I am given with the integral $$\int_0^1 \int_0^{1-x}(xy(1-x-y))^{1/3}\,dy\,dx$$
I have to find out the value of above integral by making the transformation $$x+y=u, y = uv.$$
After calculating the jacobian which is $$J\bigg(\frac{(x,y)}{(u,v)}\bigg) = u$$
we get the integral $$\int \int (u^2v(1-v)(1-u))^{1/3}u\,du\,dv$$
1) I am not getting how to find out the limits?
2) What is the value of integral?
You have $\displaystyle\int\left( \int \cdots\cdots \, du \right) dv,$ i.e. given a fixed value of $v$, the other variable $u$ goes from something to something. You can also write this as $\displaystyle \int\left( \int \cdot\cdots\,dv\right) du,$ so that for a given value of $v$, the other variable goes from something to something.

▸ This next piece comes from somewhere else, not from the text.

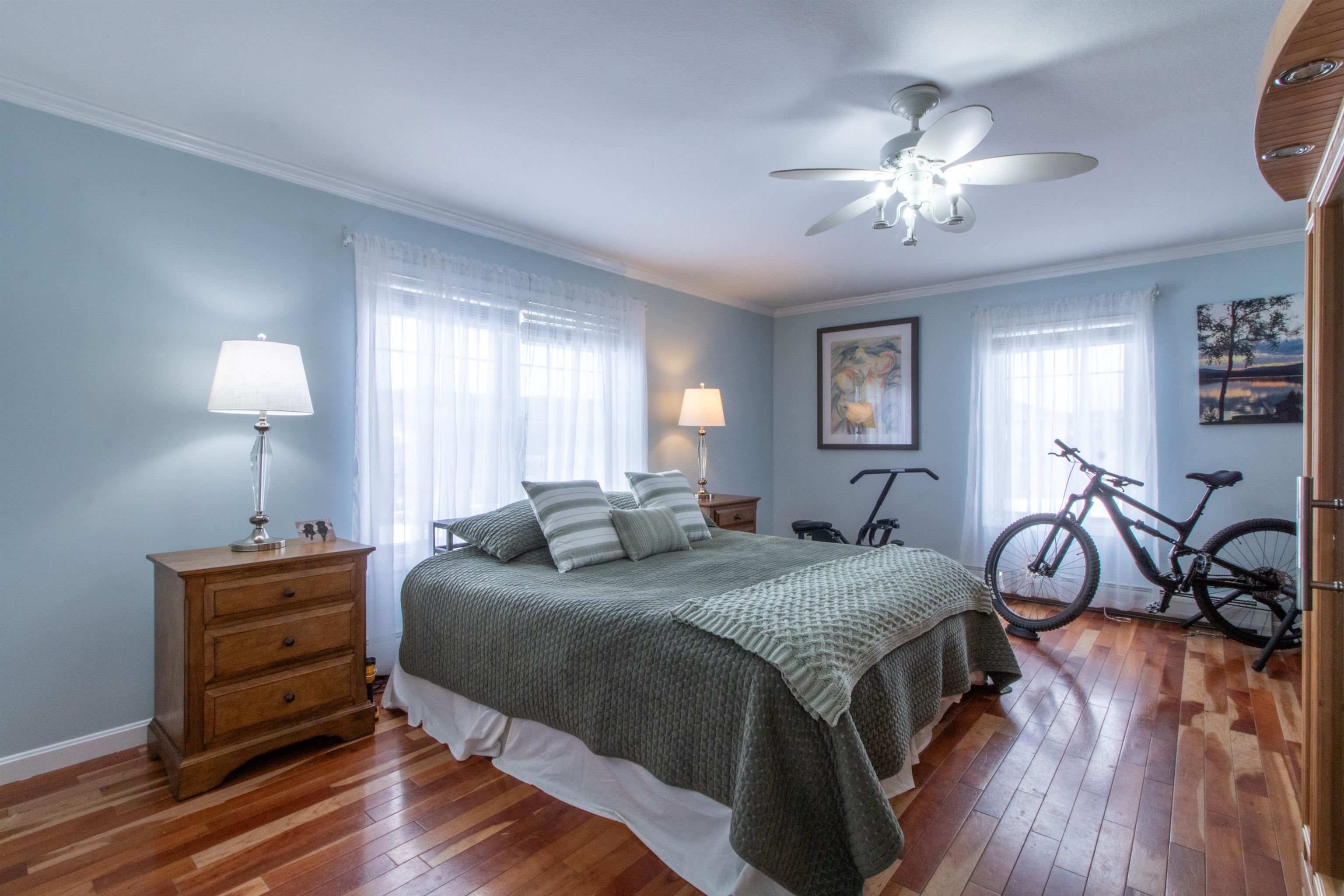 48 Hilltop Drive Canaan, VT 05903 - Photo 32 of 43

Since the sum $x+y$ goes from $0$ up to $1$ (i.e. for any fixed value of $x$ between $0$ and $1$, the other variable $y$ increases from $0$ until the sum of $x$ and $y$ reaches $1$) you have $u$ going from $0$ up to $1,$ thus $\displaystyle\int_0^1 \left( \int \cdots\cdots\,dv \right) du.$
Now with $u$ fixed at some point between $0$ and $1,$ what does $v$ do? On the line $x+y=u,$ with $u$ fixed, the pair $(x,y)$ moves from $(u,0)$ to $(0,u),$ staying in the first quadrant, so $y$ goes from $0$ up to $u,$ so $v$ goes from $0$ to $1.$ Thus you have $\displaystyle\int_0^1 \left( \int_0^1 \cdots\cdots\,dv\right) du.$
Then \begin{align} & \int_0^1 \left(\int_0^1 (u^2 v(1-v)(1-u))^{1/3}\,dv\right) du \\[10pt] = {} & \int_0^1 \left( (u^2(1-u))^{1/3} \int_0^1 (v(1-v))^{1/3} \, dv \right) du \\ & \quad \text{because $(u^2(1-u))^{1/3}$ does not change as $v$ goes from $0$ to $1$} \\[12pt] = {} & \int_0^1 (u^2(1-u))^{1/3} \cdot A \, du \\ & \quad \text{where $A$ is something that does not change as $u$ goes from $0$ to $1$} \\[12pt] = {} & \int_0^1 (u^2(1-u))^{1/3} \,du \cdot A \\[10pt] = {} & \int_0^1 (u^2(1-u))^{1/3} \, du \cdot \int_0^1 (v(1-v))^{1/3} \,dv \end{align} and the two integrals can be treated separately.